**Work instruction:** After locating the line with "3d rendered bold" in the data that follows, return it and every later line exactly, up to and including the line with "Ritach Ankle Bracelets".

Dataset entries
# # # #

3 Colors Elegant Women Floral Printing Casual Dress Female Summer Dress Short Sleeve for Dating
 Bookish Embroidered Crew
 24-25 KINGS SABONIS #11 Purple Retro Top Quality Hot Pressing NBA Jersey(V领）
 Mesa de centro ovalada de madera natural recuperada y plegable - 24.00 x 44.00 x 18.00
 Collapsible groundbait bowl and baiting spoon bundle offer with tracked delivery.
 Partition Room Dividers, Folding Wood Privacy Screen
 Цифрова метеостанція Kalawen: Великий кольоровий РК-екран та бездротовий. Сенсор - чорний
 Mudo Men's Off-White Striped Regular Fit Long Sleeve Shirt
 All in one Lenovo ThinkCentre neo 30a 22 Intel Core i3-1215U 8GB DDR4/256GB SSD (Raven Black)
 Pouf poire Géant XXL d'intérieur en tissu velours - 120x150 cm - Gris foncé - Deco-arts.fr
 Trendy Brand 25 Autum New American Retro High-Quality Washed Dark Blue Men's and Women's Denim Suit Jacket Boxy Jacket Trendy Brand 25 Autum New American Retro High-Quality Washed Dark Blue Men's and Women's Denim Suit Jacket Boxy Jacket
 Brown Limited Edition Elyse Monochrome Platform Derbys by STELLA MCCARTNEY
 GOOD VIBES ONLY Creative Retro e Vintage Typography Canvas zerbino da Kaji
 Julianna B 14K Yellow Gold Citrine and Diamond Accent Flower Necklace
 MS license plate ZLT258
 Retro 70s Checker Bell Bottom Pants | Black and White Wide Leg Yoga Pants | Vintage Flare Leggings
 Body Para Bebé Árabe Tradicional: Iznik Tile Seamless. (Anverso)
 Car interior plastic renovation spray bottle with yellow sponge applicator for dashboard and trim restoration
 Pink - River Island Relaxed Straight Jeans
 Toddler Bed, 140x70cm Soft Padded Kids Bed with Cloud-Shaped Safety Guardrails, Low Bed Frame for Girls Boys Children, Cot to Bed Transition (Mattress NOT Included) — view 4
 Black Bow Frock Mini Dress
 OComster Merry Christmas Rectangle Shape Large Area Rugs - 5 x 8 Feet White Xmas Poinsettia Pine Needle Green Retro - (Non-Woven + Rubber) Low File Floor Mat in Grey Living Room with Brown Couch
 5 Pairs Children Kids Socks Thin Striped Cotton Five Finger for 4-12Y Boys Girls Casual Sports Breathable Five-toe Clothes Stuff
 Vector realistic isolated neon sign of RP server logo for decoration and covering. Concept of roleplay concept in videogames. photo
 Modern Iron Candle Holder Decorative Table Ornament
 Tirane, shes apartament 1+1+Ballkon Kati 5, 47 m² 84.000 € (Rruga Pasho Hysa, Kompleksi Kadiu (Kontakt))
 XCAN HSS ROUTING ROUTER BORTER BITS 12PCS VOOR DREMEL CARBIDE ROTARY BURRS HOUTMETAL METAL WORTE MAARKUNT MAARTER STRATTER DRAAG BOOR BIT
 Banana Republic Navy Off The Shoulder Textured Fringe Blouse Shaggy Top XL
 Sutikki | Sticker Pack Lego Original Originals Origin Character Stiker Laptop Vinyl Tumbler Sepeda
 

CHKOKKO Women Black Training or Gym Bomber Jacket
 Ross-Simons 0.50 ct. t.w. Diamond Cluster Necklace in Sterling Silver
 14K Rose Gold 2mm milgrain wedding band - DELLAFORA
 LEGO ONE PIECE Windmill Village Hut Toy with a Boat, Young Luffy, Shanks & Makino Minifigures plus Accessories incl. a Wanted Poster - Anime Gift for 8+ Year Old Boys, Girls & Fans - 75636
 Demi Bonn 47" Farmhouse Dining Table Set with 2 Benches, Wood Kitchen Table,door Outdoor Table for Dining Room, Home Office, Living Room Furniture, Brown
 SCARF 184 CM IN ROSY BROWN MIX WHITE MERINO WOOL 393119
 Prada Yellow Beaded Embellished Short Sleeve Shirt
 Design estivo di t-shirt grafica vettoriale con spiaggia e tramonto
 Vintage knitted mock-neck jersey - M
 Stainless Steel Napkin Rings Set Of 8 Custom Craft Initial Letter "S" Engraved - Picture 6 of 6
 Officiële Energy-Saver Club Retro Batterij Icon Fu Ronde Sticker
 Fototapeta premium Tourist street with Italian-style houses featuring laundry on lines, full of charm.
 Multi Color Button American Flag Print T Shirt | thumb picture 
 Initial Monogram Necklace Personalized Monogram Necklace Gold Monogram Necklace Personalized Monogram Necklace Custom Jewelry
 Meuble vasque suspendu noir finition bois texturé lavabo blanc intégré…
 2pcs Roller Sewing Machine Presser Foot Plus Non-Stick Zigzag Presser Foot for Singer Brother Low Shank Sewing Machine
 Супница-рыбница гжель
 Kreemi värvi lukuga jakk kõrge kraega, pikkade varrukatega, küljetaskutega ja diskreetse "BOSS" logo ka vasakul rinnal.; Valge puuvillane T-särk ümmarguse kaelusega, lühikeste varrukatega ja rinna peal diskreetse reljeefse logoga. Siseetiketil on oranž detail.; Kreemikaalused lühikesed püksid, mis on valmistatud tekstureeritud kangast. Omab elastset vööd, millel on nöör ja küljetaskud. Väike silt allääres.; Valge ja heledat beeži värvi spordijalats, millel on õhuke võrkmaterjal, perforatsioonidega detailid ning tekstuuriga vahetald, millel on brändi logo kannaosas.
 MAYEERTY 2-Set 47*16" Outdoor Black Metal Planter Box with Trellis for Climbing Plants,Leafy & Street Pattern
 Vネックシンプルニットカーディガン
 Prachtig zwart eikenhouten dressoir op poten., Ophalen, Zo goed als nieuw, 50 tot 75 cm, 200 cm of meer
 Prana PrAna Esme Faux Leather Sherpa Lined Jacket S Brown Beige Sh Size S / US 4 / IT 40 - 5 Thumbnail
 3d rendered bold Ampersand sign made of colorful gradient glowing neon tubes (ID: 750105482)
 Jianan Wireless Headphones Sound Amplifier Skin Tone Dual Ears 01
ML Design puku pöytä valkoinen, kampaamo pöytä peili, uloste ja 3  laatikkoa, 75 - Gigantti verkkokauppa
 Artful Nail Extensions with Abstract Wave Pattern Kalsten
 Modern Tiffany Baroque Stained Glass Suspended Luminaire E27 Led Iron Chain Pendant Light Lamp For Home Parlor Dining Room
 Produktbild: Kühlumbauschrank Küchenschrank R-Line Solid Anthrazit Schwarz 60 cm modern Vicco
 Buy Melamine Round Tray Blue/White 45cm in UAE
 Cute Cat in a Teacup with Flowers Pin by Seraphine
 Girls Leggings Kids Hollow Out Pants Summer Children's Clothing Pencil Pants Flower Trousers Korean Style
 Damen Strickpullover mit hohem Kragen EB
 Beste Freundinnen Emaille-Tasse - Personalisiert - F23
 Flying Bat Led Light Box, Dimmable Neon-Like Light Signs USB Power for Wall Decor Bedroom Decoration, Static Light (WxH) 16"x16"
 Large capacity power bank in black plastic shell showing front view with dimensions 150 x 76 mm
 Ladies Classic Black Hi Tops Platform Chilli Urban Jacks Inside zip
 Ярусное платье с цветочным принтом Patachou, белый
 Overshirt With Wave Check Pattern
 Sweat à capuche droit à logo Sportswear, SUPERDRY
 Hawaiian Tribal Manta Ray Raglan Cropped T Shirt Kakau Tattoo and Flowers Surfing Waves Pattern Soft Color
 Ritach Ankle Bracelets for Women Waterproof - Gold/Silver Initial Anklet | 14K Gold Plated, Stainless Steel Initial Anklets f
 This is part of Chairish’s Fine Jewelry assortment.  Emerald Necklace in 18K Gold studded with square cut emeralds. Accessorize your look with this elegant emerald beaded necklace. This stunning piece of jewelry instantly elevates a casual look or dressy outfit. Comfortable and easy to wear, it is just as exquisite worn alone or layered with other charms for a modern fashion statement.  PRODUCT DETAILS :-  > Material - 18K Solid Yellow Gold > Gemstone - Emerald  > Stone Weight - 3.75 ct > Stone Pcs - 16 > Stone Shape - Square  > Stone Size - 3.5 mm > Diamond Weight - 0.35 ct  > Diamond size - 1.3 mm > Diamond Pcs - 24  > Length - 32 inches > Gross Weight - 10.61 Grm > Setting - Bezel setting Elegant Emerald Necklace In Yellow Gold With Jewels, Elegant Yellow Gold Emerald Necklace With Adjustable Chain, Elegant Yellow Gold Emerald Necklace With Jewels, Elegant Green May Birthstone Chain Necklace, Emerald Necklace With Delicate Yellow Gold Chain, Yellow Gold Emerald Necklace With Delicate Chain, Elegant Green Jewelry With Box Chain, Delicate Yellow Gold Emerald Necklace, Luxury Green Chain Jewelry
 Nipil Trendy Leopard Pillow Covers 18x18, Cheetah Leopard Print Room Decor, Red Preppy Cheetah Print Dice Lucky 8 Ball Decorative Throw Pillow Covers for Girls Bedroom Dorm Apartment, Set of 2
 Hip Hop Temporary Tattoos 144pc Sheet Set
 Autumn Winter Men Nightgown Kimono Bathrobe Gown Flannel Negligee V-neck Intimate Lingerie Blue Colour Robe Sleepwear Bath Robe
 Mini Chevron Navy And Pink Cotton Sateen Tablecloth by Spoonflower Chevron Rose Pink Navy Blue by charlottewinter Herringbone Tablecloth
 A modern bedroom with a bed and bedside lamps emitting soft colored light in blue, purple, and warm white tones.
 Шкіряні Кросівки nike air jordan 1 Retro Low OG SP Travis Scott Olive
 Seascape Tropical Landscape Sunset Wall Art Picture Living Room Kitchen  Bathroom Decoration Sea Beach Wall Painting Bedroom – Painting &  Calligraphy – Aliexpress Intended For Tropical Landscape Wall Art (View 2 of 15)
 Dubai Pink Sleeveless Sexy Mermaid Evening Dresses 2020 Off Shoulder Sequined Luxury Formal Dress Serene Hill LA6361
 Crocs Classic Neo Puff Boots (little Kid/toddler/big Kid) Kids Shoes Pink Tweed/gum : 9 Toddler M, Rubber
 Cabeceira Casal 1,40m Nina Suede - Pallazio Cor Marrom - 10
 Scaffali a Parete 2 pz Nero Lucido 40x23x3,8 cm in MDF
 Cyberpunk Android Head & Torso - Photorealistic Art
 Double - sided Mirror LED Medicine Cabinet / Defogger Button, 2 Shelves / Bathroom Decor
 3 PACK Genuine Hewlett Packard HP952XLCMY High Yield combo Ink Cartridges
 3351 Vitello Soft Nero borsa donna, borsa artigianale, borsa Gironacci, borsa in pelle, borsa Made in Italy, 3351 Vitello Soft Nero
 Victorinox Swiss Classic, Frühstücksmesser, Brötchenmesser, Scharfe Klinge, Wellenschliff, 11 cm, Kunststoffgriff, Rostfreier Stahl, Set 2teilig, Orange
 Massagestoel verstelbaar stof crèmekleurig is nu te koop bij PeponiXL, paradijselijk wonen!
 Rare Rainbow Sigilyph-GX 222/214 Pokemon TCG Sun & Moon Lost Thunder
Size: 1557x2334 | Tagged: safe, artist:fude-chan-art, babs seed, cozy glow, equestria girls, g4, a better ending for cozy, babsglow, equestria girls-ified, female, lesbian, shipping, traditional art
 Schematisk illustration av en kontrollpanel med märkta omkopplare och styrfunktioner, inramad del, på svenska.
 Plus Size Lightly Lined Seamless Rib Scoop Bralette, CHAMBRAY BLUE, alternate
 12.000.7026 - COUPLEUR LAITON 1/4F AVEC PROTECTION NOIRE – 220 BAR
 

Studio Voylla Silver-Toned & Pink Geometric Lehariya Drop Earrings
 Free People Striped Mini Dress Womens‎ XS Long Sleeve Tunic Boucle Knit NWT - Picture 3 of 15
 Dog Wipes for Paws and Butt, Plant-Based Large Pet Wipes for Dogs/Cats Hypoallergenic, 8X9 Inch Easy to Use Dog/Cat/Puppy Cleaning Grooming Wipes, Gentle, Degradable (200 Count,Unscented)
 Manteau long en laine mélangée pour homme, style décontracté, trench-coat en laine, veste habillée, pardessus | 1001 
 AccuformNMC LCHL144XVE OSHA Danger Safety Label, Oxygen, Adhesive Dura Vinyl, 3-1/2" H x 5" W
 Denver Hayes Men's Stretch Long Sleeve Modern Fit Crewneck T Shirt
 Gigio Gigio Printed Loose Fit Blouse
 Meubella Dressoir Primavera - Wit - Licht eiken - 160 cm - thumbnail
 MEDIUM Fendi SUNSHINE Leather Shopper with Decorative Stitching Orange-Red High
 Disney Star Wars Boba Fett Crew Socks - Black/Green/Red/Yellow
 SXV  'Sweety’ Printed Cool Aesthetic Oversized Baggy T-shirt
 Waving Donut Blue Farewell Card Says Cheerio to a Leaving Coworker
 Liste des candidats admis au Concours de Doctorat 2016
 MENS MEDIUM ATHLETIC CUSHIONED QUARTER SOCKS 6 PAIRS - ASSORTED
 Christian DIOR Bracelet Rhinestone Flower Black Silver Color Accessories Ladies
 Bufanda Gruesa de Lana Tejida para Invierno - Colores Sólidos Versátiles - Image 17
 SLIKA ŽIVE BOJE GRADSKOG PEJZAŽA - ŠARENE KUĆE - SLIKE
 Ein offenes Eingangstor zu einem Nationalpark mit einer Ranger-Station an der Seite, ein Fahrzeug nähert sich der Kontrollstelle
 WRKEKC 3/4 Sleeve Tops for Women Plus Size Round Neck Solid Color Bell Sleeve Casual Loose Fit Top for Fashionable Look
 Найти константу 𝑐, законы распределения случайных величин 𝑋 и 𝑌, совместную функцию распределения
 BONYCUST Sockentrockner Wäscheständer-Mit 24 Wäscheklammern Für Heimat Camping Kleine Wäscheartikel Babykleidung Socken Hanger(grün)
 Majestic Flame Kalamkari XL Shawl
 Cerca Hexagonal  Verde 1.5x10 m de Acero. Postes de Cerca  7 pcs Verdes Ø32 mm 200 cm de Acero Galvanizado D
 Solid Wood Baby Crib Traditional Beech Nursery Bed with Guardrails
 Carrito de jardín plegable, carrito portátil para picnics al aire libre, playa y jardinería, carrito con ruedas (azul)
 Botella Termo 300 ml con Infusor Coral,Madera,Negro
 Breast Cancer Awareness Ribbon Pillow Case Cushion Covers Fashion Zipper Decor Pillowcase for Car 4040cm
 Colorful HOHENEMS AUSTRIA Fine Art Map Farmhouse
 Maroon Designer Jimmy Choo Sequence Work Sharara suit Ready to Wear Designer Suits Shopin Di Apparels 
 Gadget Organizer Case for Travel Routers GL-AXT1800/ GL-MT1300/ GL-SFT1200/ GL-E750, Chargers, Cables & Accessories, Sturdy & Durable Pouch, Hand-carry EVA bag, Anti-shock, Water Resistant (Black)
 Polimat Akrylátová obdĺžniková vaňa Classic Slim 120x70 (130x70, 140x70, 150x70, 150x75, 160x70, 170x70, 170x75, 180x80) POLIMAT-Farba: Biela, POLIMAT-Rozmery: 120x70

# # # #

**Solution to this problem:**
 3d rendered bold Ampersand sign made of colorful gradient glowing neon tubes (ID: 750105482)
 Jianan Wireless Headphones Sound Amplifier Skin Tone Dual Ears 01
ML Design puku pöytä valkoinen, kampaamo pöytä peili, uloste ja 3  laatikkoa, 75 - Gigantti verkkokauppa
 Artful Nail Extensions with Abstract Wave Pattern Kalsten
 Modern Tiffany Baroque Stained Glass Suspended Luminaire E27 Led Iron Chain Pendant Light Lamp For Home Parlor Dining Room
 Produktbild: Kühlumbauschrank Küchenschrank R-Line Solid Anthrazit Schwarz 60 cm modern Vicco
 Buy Melamine Round Tray Blue/White 45cm in UAE
 Cute Cat in a Teacup with Flowers Pin by Seraphine
 Girls Leggings Kids Hollow Out Pants Summer Children's Clothing Pencil Pants Flower Trousers Korean Style
 Damen Strickpullover mit hohem Kragen EB
 Beste Freundinnen Emaille-Tasse - Personalisiert - F23
 Flying Bat Led Light Box, Dimmable Neon-Like Light Signs USB Power for Wall Decor Bedroom Decoration, Static Light (WxH) 16"x16"
 Large capacity power bank in black plastic shell showing front view with dimensions 150 x 76 mm
 Ladies Classic Black Hi Tops Platform Chilli Urban Jacks Inside zip
 Ярусное платье с цветочным принтом Patachou, белый
 Overshirt With Wave Check Pattern
 Sweat à capuche droit à logo Sportswear, SUPERDRY
 Hawaiian Tribal Manta Ray Raglan Cropped T Shirt Kakau Tattoo and Flowers Surfing Waves Pattern Soft Color
 Ritach Ankle Bracelets for Women Waterproof - Gold/Silver Initial Anklet | 14K Gold Plated, Stainless Steel Initial Anklets f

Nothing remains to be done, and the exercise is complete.